Sergeant Nicholas Samuel "Sam" Foran (June 3, 1844 – September 29, 1927) was an American soldier in the U.S. Army who served with the 8th U.S. Cavalry during the Apache Wars. He was one of thirty-four men who received the Medal of Honor for gallantry in several engagements against the Apache Indians in the Arizona Territory from August to October 1868.

==Biography==
Nicholas Foran was born in County Waterford, Ireland on June 3, 1844. He later emigrated to the United States and enlisted in the U.S. Army in St. Louis, Missouri in 1867. Assigned to frontier duty with the 8th U.S. Cavalry, Foran participated in the Apache Wars in the late-1860s. In the late summer and fall of 1868, Foran was part of a small cavalry detachment ordered to secure settlements and protect the Arizona Territory from Apache raiding parties. From August to October, a group of 50–60 cavalry troopers from Companies B and L frequently fought the Apache during their patrols. Cavalrymen such as Foran experienced ambushes and sniper attacks from hidden ravines. After the campaign's end, he and thirty-four other men received the Medal of Honor for "bravery in scouts and actions against Indians". The award presentation, held on July 24, 1869, was one of the largest held at the time.

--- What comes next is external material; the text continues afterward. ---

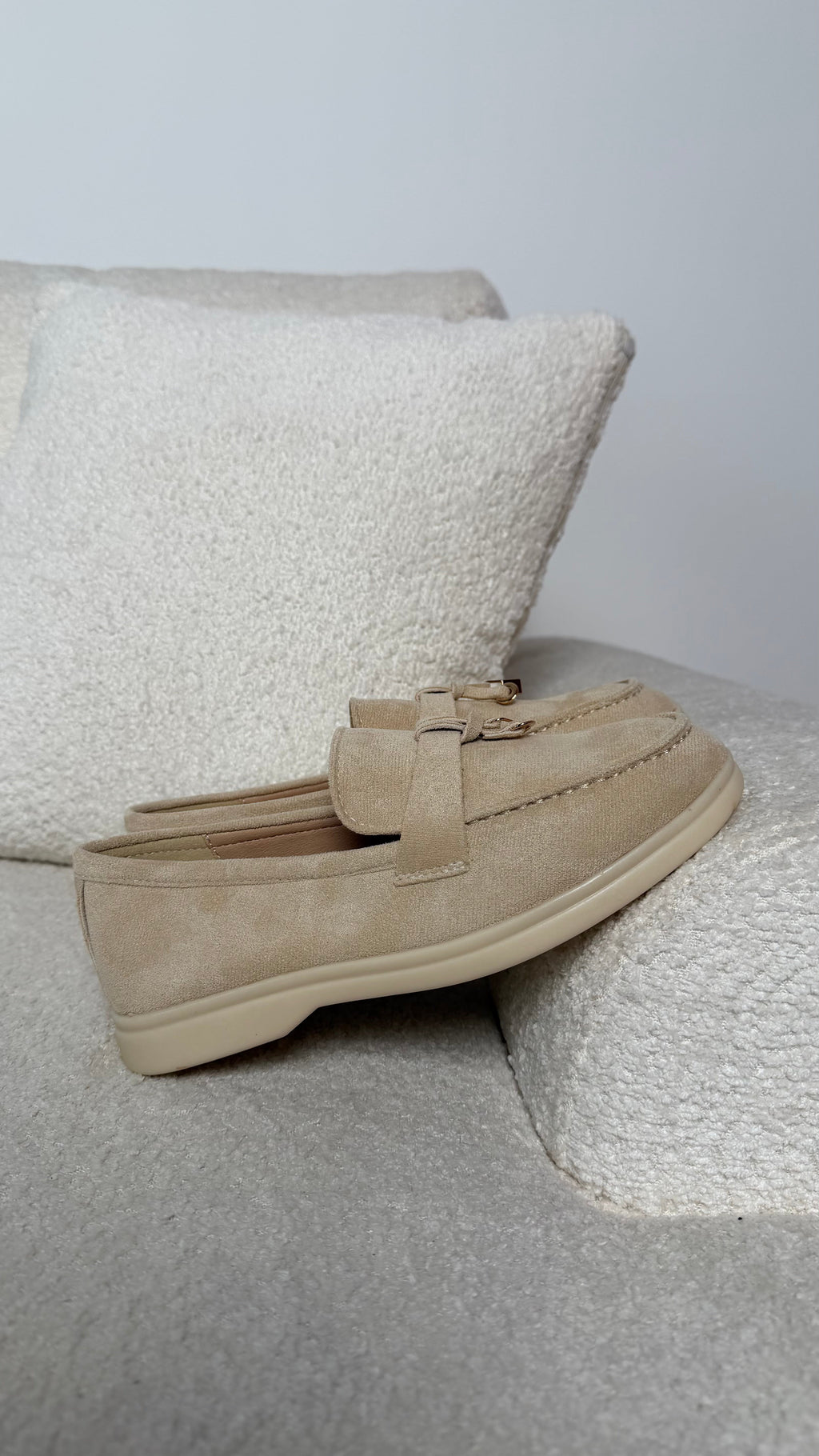 Chloe | Mocasines Loafers Beige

Foran was later posted to Fort Whipple in Prescott, Arizona. In 1872, he was finally discharged from Fort Union, New Mexico at the rank of sergeant. Returning to Arizona, he worked the mines in the McCabe district for 35 years before permanently settling in Prescott. His home at 144 North Granite Street, which no longer exists, was opened to the poor and said to be a "haven for all". Foran died in Prescott on September 29, 1927, at the age of 83. He was interred at Prescott National Cemetery. His a biography of his life, in which he was praised as a "typical trail blazer and a Western pioneer", was published in the Evening Courier three days after his death.

On May 27, 1984, a new headstone officially recognizing Foran as an MOH recipient was placed at his gravesite. Although a special government project had started marking gravesites in 1976, it took nearly 8 years before Foran was confirmed as an award recipient in the fall of 1983 by the Medal of Honor Historical Society in Alexandria, Virginia.

==Medal of Honor citation==
Rank and organization: Private, Company L, 8th U.S. Cavalry. Place and date: Arizona, August to October 1868. Entered service at:------. Birth: Ireland. Date of issue: July 24, 1869.

Citation:

Bravery in scouts and actions against Indians.